Davalı; davanın reddine karar verilmesini talep etmiştir.
Mahkemece Asliye Hukuk Mahkemesi sıfatıyla bakılan davada; davanın reddine karar verilmiş, hüküm; davacı tarafça temyiz edilmiştir.
1-) 01.10.2011 tarihinde yürürlüğe giren 6100 Sayılı HMK’nun 4/1-a maddesine göre “Kiralanan taşınmazların, 09.06.1932 tarihli ve 2004 sayılı İcra ve İflas Kanununa göre ilamsız icra yoluyla tahliyesine ilişkin hükümler ayrık olmak üzere, kira ilişkisinden doğan alacak davaları da dâhil olmak üzere tüm uyuşmazlıkları konu alan davalar ile bu davalara karşı açılan davalarda” Sulh Hukuk Mahkemesi görevlidir.
Somut olayda, uyuşmazlık kira ilişkisinden kaynaklanmaktadır. Dava, 14.09.2015 tarihinde 6100 sayılı HMK’nın yürürlüğe girmesinden sonra açıldığına göre görevli mahkeme Sulh Hukuk Mahkemesidir.
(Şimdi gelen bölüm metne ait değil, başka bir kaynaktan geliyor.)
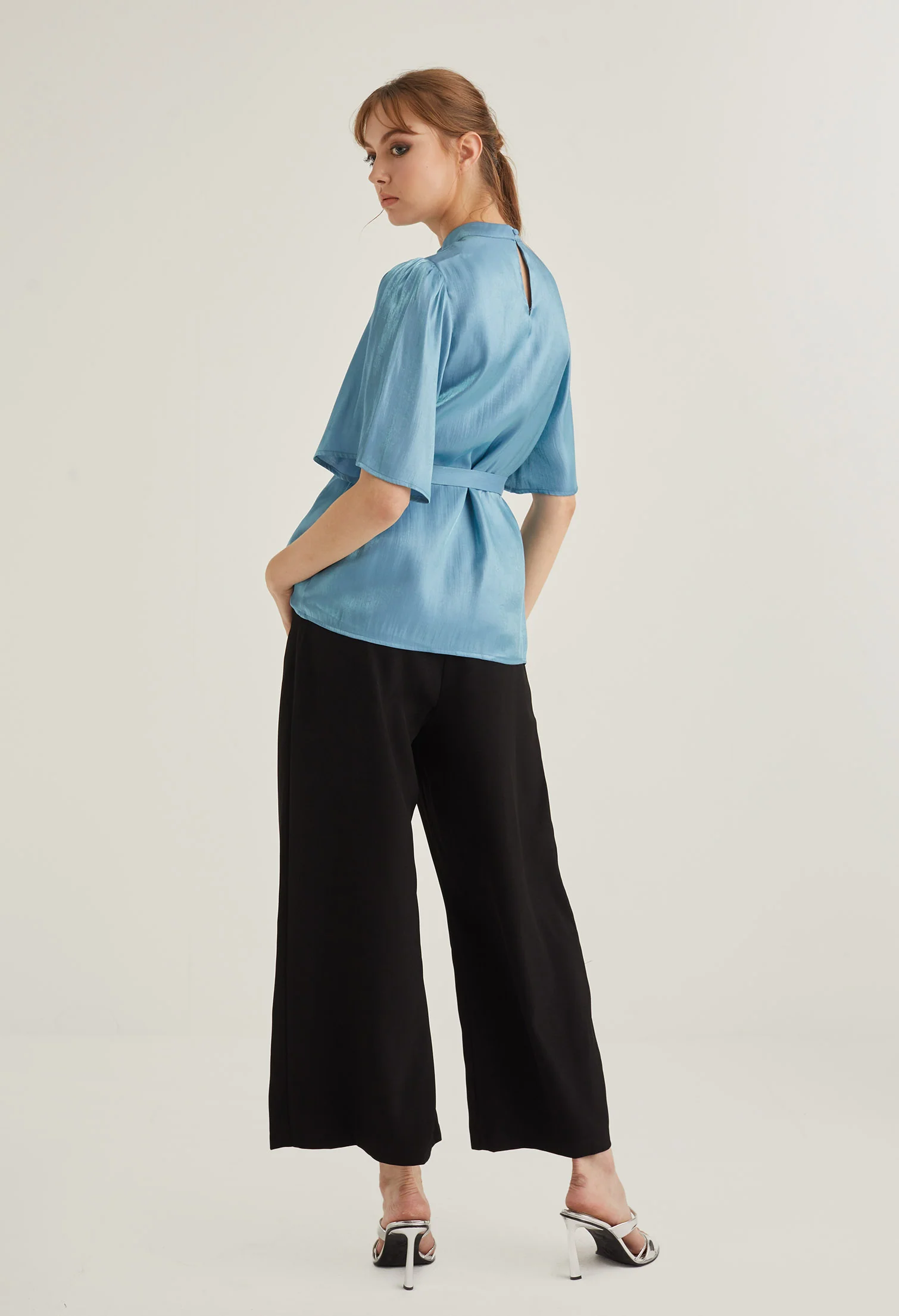 Mock Neck Belted Blouse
Görevle ilgili düzenlemeler kamu düzenine ilişkin olup, taraflar ileri sürmese dahi yargılamanın her aşamasında re’sen gözetilir. Taraflar da yargılama bitinceye kadar görev itirazında bulunabilirler. Görev itirazı yapılmamış olsa bile re’sen mahkeme, ilk önce görevli olup olmadığını inceleyip karara bağlamalıdır.
Hal böyle olunca, mahkemece; uyuşmazlığın çözümünde Sulh Hukuk Mahkemesinin görevli olduğu gözetilerek, görevsizlik nedeniyle HMK’nın 114/1-c ve 115/2. maddeleri uyarınca davanın usulden reddine karar verilmesi gerekirken, bu yön gözardı edilerek davanın esası hakkında hüküm kurulması usul ve yasaya aykırı olup bozmayı gerektirmiştir.
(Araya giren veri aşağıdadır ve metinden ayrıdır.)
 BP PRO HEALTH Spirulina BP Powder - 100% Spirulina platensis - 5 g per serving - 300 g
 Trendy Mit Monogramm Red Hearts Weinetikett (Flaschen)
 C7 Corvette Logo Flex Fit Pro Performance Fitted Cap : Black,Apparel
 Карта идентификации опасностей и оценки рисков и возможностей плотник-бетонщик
2-)Bozma nedenine göre sair temyiz itirazlarının incelenmesine şimdilik gerek görülmemiştir.
SONUÇ: Yukarıda birinci bentte açıklanan nedenlerle hükmün HUMK.nun 428. maddesi gereğince BOZULMASINA, ikinci bentte açıklanan nedenle davacı tarafın diğer temyiz itirazlarının incelenmesine şimdilik yer olmadığına, peşin alınan temyiz harcının istek halinde temyiz edene iadesine, 6100 sayılı HMK’nun Geçici Madde 3 atfıyla 1086 sayılı HUMK’nun 440. maddesi gereğince karar düzeltme yolu kapalı olmak üzere, 03.10.2019 tarihinde oy birliğiyle karar verildi.